• Provided material:
· · · · · · ·

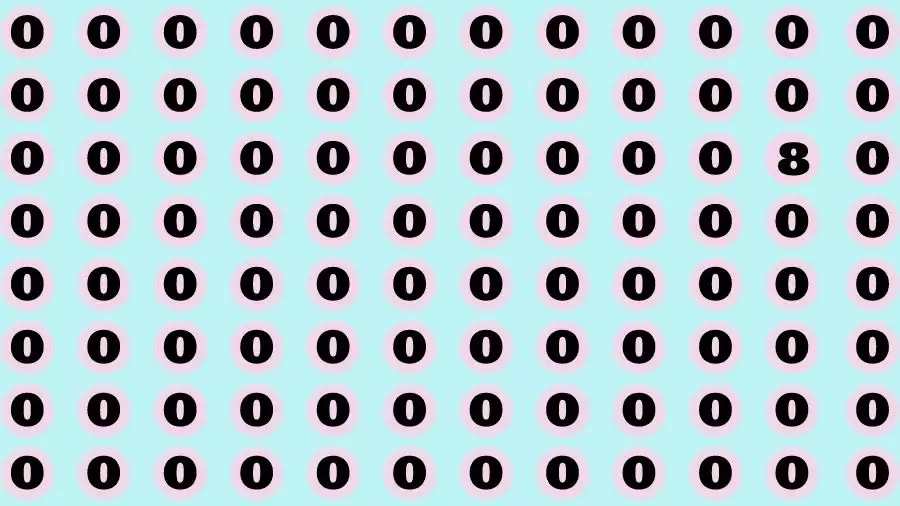 Observation Brain Test: If you have 50/50 Vision Find the Number 8 among 0 in 15 Secs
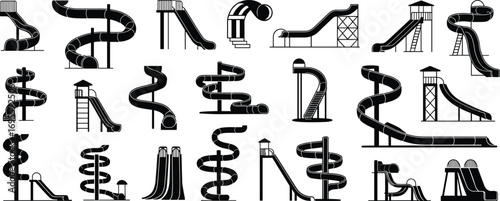 Water slide icon set, amusement park silhouette slides, tube and spiral playground elements, black isolated vector design for summer fun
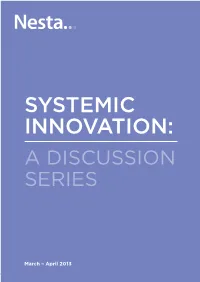 Systemic Innovation: a Discussion Series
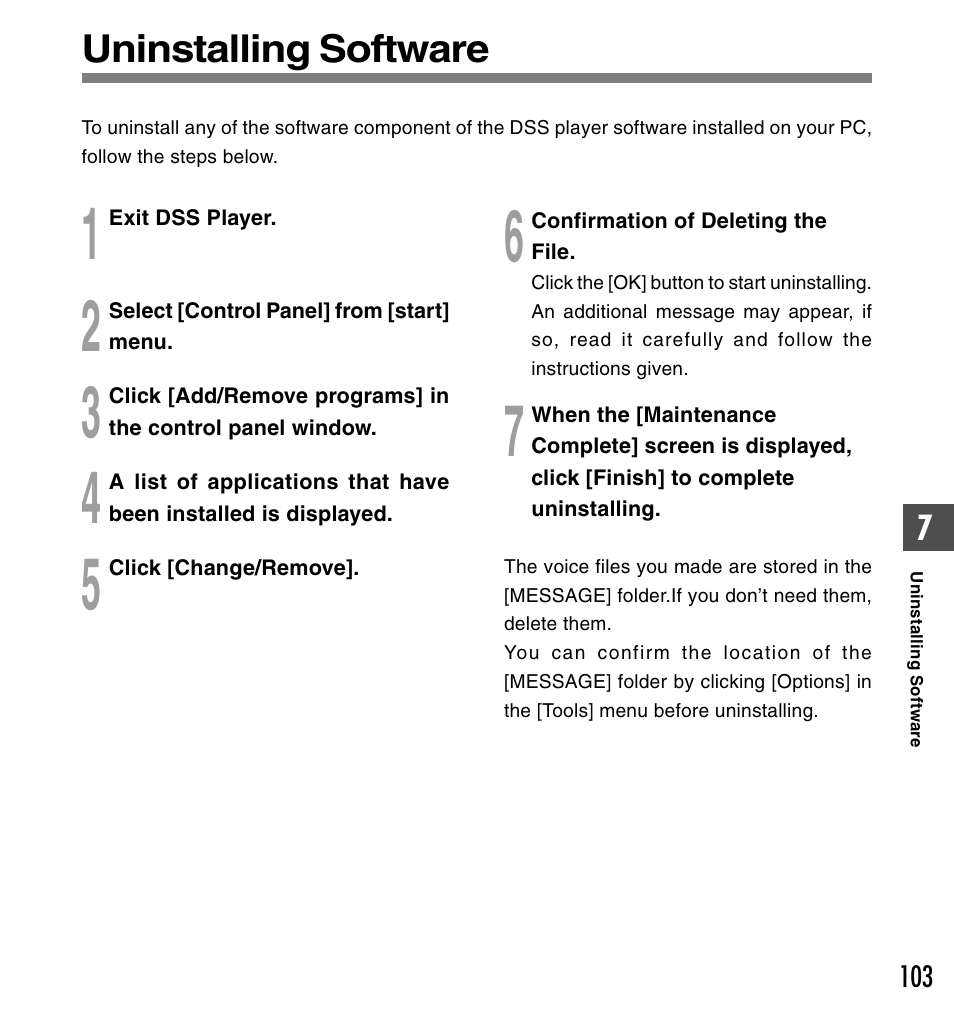 Uninstalling software | Olympus DS-50 User Manual | Page 103 / 163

· · · · · · ·

• Task to carry out:
Would you reproduce the listing above exactly, without any of its images?

• Answer box:
 Observation Brain Test: If you have 50/50 Vision Find the Number 8 among 0 in 15 Secs
 Water slide icon set, amusement park silhouette slides, tube and spiral playground elements, black isolated vector design for summer fun
 Systemic Innovation: a Discussion Series
 Uninstalling software | Olympus DS-50 User Manual | Page 103 / 163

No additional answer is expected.